┏━━

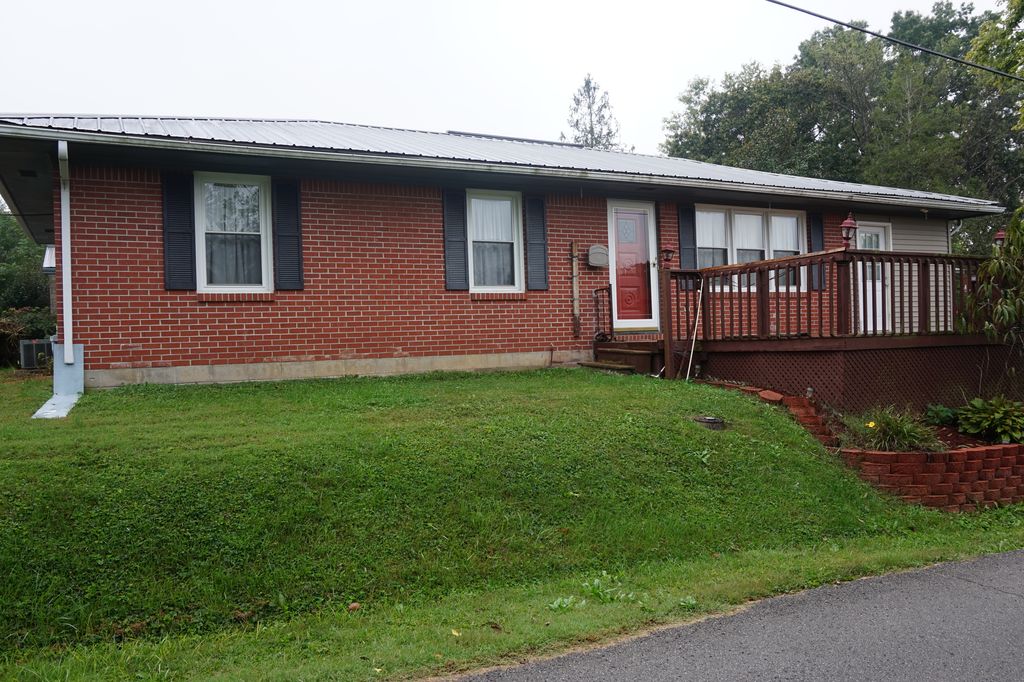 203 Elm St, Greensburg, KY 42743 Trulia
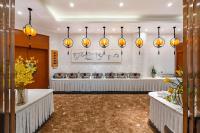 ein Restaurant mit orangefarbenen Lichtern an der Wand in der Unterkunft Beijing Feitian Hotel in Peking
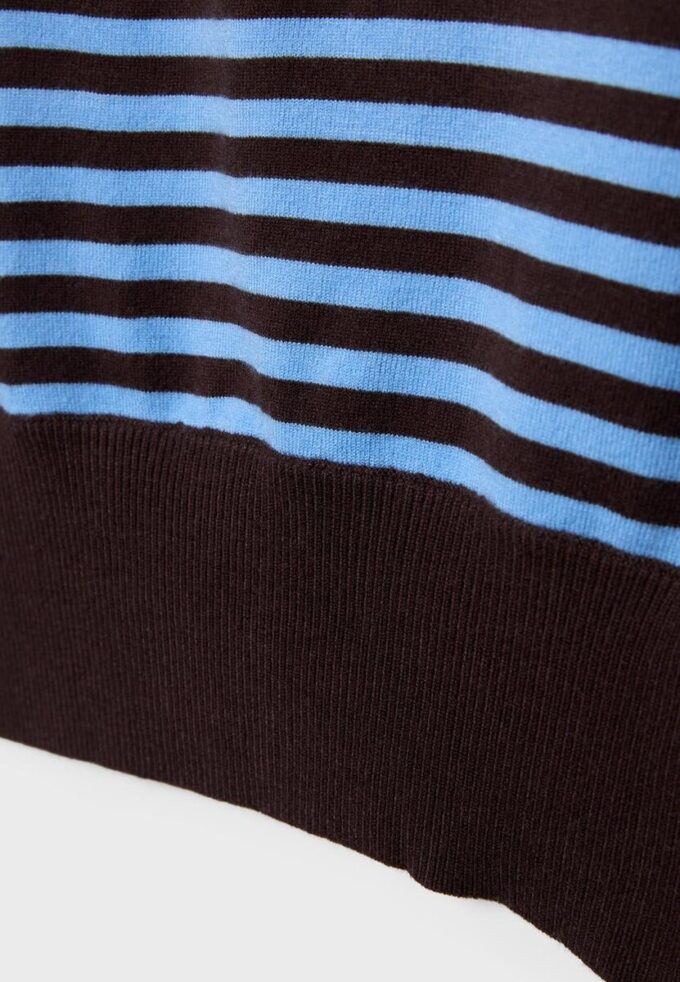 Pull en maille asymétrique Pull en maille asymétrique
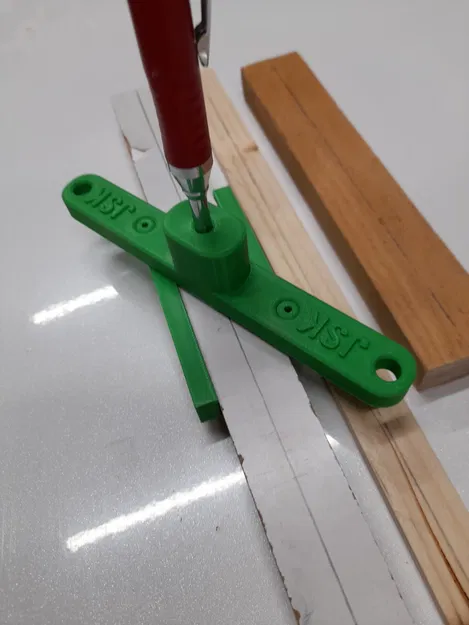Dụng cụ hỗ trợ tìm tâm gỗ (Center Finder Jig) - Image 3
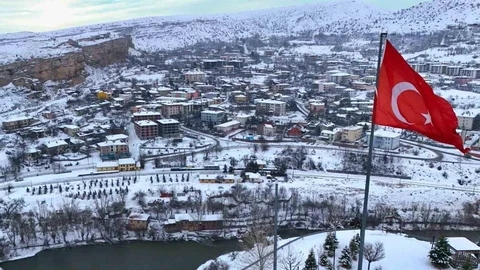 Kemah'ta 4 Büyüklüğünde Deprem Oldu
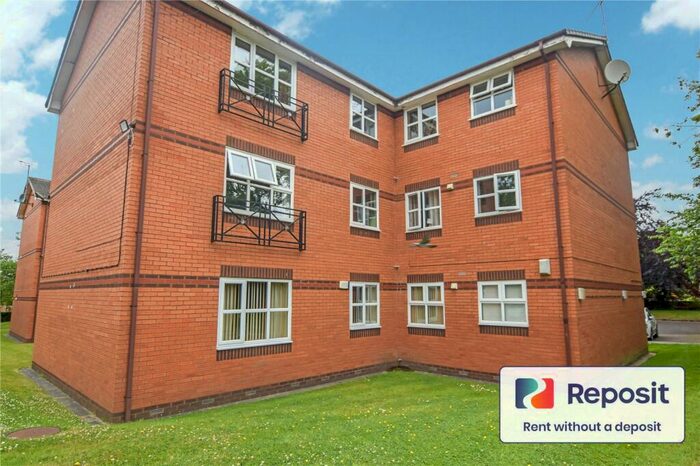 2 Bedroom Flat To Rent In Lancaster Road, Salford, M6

┗━━

_Problem requirements_.
Nothing but the records, copied exactly and stripped of pictures, should be returned.

_Answer to the problem_.
 203 Elm St, Greensburg, KY 42743 Trulia
 ein Restaurant mit orangefarbenen Lichtern an der Wand in der Unterkunft Beijing Feitian Hotel in Peking
 Pull en maille asymétrique Pull en maille asymétrique
Dụng cụ hỗ trợ tìm tâm gỗ (Center Finder Jig) - Image 3
 Kemah'ta 4 Büyüklüğünde Deprem Oldu
 2 Bedroom Flat To Rent In Lancaster Road, Salford, M6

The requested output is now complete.